**** DATA FOR THE TASK ****

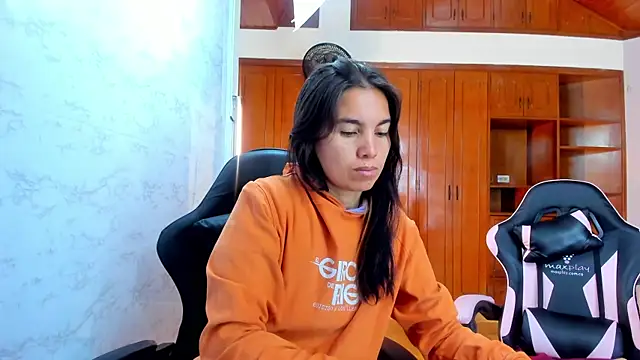 Snapshot of Emily_and_Soffy chatting on February 16, 2026, 12:04 pm Emily and Soffy online show from February 16, 2026, 12:04 pm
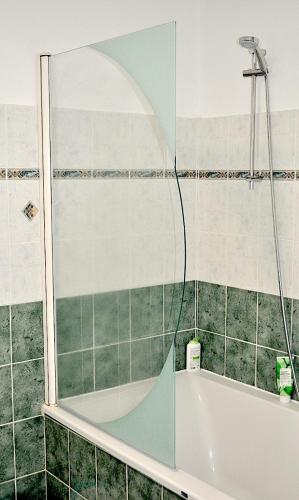 une douche avec une porte vitrée dans une salle de bain dans l'établissement VILLA - BAIN NORDIQUE SPA EXTÉRIEUR - POÊLE FINLANDAIS - PISCINE - Gaillac, à Montans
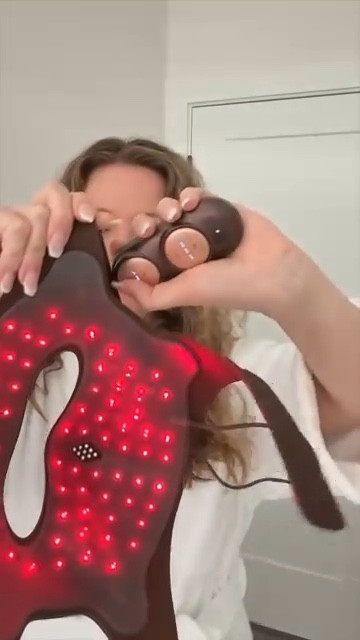 6 times stronger than LED red light therapy!! The new technology is designed to help improve your complexion.This 4D mask is by @jovs.official 

#jovs4dlasermask #jovs #redlighttherapy #lasermask #jovsmask #skincare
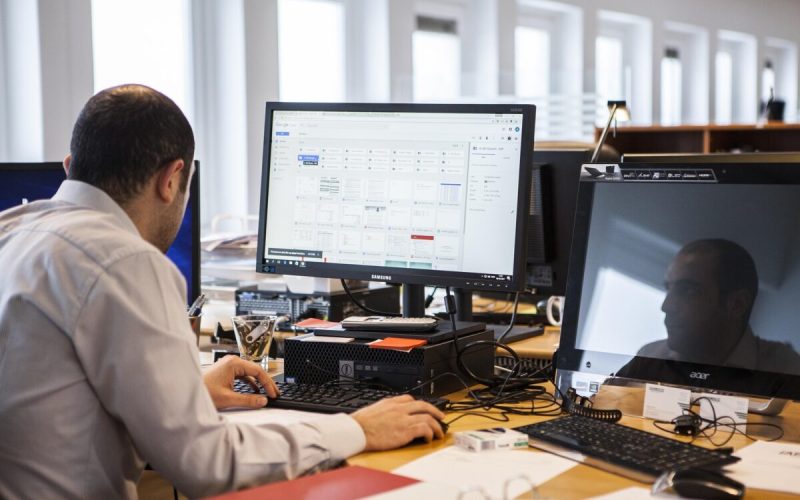 Alergia la muncă: Cauze, simptome și soluții. Cum afectează România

****

### TASK ITEM
Beginning at the line that contains "#jovs4dlasermask #jovs #redlighttherapy", copy each remaining line of the records exactly, through the final one. Omit the pictures.

### RESPONSE AREA
#jovs4dlasermask #jovs #redlighttherapy #lasermask #jovsmask #skincare
 Alergia la muncă: Cauze, simptome și soluții. Cum afectează România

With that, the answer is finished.